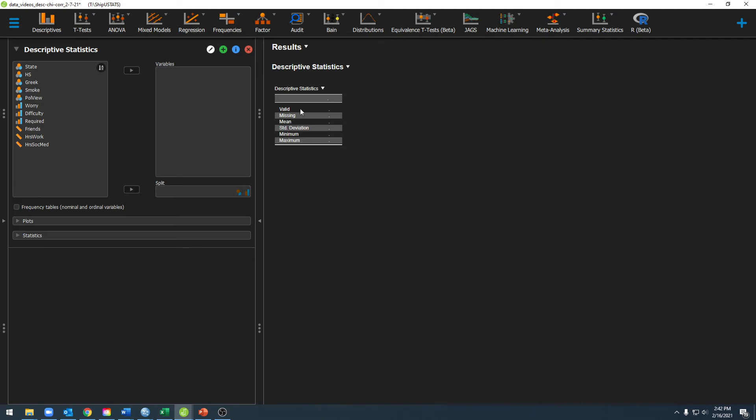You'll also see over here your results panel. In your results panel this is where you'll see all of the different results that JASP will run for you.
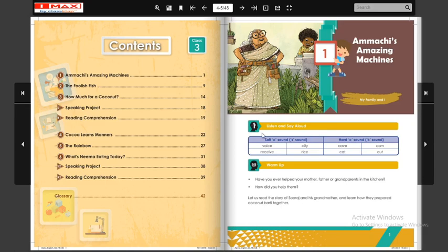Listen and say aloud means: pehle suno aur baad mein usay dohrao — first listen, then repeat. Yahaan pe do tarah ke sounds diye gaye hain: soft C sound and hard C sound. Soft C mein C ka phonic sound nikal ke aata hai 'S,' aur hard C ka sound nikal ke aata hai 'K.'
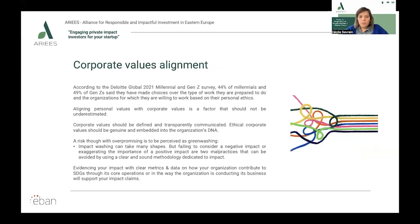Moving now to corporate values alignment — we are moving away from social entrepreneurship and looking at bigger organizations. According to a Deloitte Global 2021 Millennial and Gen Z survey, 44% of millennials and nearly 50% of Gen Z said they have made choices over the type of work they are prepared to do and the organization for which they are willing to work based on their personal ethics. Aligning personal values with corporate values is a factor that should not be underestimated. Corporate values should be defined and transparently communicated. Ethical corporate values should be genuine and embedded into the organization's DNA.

...

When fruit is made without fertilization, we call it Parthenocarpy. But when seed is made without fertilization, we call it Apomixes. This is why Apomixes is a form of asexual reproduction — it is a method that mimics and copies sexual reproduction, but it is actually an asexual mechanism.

--

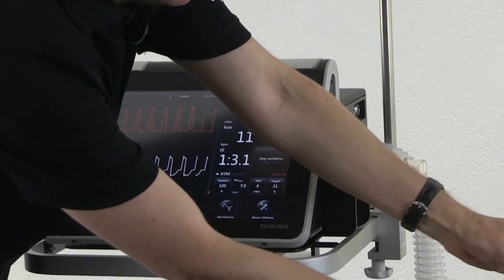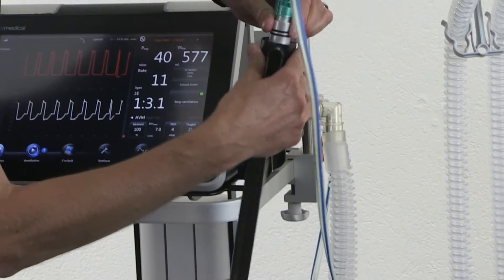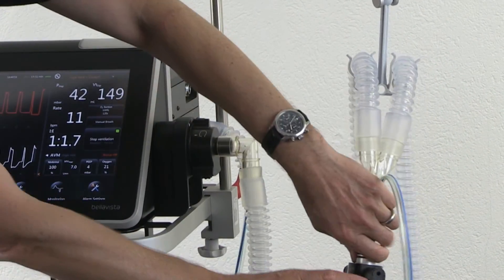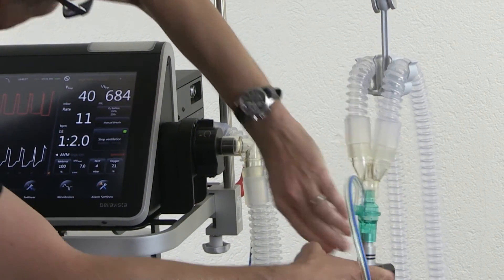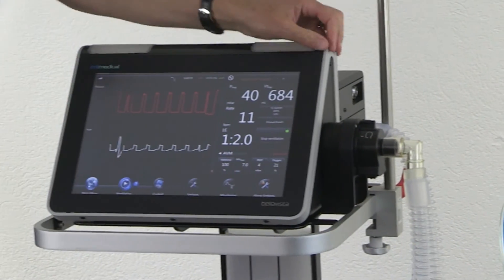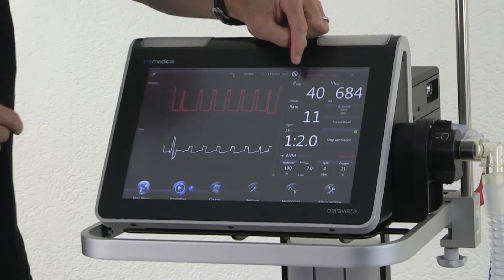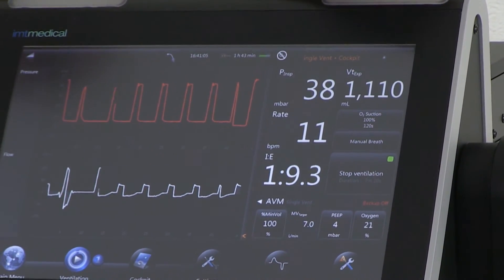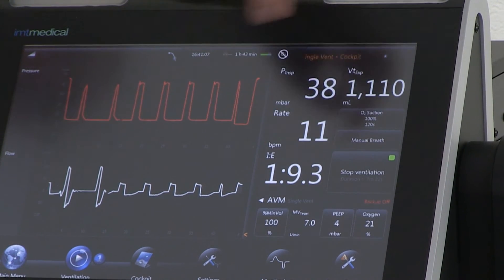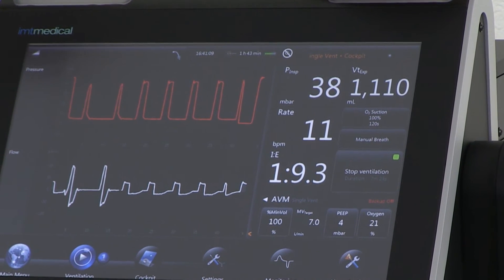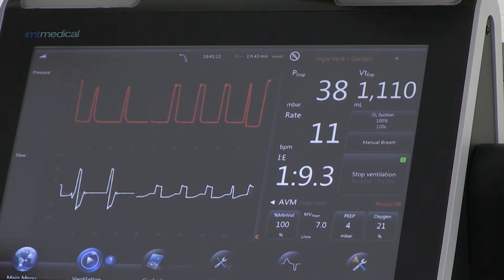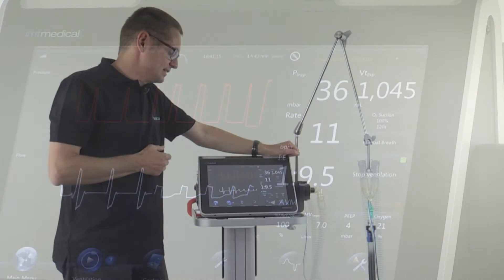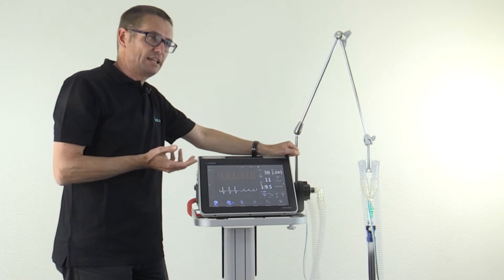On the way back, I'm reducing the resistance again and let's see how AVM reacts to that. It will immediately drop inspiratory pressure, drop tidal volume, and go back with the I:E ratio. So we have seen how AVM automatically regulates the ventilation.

> **Task item**:
An exact copy is needed of the stretch above that opens with the line containing "You'll also see" and closes with the line containing "Moving now to"; the pictures are not part of it.

> **Exercise response**:
You'll also see over here your results panel. In your results panel this is where you'll see all of the different results that JASP will run for you.
Listen and say aloud means: pehle suno aur baad mein usay dohrao — first listen, then repeat. Yahaan pe do tarah ke sounds diye gaye hain: soft C sound and hard C sound. Soft C mein C ka phonic sound nikal ke aata hai 'S,' aur hard C ka sound nikal ke aata hai 'K.'
Moving now to corporate values alignment — we are moving away from social entrepreneurship and looking at bigger organizations. According to a Deloitte Global 2021 Millennial and Gen Z survey, 44% of millennials and nearly 50% of Gen Z said they have made choices over the type of work they are prepared to do and the organization for which they are willing to work based on their personal ethics. Aligning personal values with corporate values is a factor that should not be underestimated. Corporate values should be defined and transparently communicated. Ethical corporate values should be genuine and embedded into the organization's DNA.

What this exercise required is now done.